Das Jahr 2050 liegt jetzt noch 33 Jahre vor uns. Das erscheint erstmal als ein kurzer Zeitraum für wirklich große gesellschaftliche Veränderungen. Ich bin selbst vor ungefähr 33 Jahren geboren worden und wenn ich auf den Zeitraum Mitte der 80er blicke, dann wird deutlich, dass große Veränderungen manchmal gar nicht so lange brauchen, wie mensch meint. Mitte der 80er Jahre war es unvorstellbar, dass die Mauer, die Deutschland und symbolisch fast die gesamte Welt geteilt hat, durch den Protest von mutigen Menschen fallen würde und damit auch die Sowjetunion als Unrechtssystem stürzen würde.
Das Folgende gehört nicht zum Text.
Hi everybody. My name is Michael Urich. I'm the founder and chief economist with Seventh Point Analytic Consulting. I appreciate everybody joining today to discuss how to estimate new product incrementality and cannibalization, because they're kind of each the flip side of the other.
Es gab trotz schon starker zivilgesellschaftlicher Proteste einen politischen Konsens der Mächtigen zur vermeintlich sichereren Atomkraft und die Forderung nach einem Ausstieg wurde als unrealistisch abgetan. Es war unvorstellbar, dass Männer Männer und Frauen Frauen heiraten dürften.
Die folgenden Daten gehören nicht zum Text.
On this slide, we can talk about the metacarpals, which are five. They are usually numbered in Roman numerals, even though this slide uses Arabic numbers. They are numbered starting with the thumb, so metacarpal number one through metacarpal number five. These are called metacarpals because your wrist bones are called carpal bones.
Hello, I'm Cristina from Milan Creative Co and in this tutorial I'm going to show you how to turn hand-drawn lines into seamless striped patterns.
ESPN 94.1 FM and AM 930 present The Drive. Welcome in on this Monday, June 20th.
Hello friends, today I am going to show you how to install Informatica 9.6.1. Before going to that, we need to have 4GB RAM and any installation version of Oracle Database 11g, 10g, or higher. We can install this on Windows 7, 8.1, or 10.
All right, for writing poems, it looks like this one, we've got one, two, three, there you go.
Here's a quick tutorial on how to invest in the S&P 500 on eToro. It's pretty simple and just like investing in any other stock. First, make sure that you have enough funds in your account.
Ich habe das vorabgeschickt, weil Sie sonst meinen würden, dass meine persönliche Utopie wie ein Hirngespinst klingt, das niemals erreicht werden kann. Ich aber glaube daran, dass wenn wir gemeinsam für eine gerechtere Welt streiten, wir diese auch gestalten können.
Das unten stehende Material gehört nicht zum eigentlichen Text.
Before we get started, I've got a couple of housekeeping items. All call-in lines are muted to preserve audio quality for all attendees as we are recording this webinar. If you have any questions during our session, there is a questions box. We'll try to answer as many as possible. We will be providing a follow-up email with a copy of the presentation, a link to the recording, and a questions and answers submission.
Wie also sieht meine Utopie für das Rheinische Revier im Jahr 2050 aus?

Natürlich haben die Tagebaue längst geschlossen und das Gebiet wurde einem umfassenden Renaturierungsprozess unterzogen. Es sind Wälder und Seen zur Naherholung und fruchtbare Ackerflächen für Permakulturgärten entstanden. Die Natur erholt sich langsam von den ökologischen Schäden des Tagebaus. Die Menschen sehen die Natur vor Ort nicht mehr als verwertbare Ressource, sondern als Grundlage allen Lebens an und nehmen nie mehr, als sie brauchen und die Natur zur Erneuerung noch braucht. Die notwendige Energie wird zu 100% aus Wind und Sonne gewonnen und wird von demokratisch verwalteten Betrieben, die den Bürger*innen gehören, produziert. Der Energieverbrauch wurde aber auch stark gedrosselt. Energieintensive Unternehmen wurden geschlossen. Im Rheinischen Revier 2050 haben aber viele Dinge auch keinen Platz mehr: solarbetriebene Apfelsinensaftauspressmaschinen z.B., mit Biodiesel betriebene Kampfjets oder das vermeintliche Menschenrecht auf einen Geländewagen, egal ob Diesel, Hybrid oder Elektro. Der Verkehr ist fast vollständig auf Fahrrad und kostenlosen ÖPNV umgestellt worden. Auf den Autobahnen finden regelmäßig Kunstevents von Künstler*innen aus der ganzen Welt und Spaßwettläufe in Seifenkisten und Rollschuhen statt. Was es dafür gar nicht mehr gibt, ist Werbung: Nirgendwo wird uns erzählt, was wir vermeintlich noch alles kaufen und konsumieren müssten, um angeblich noch glücklichere und bessere Menschen zu werden.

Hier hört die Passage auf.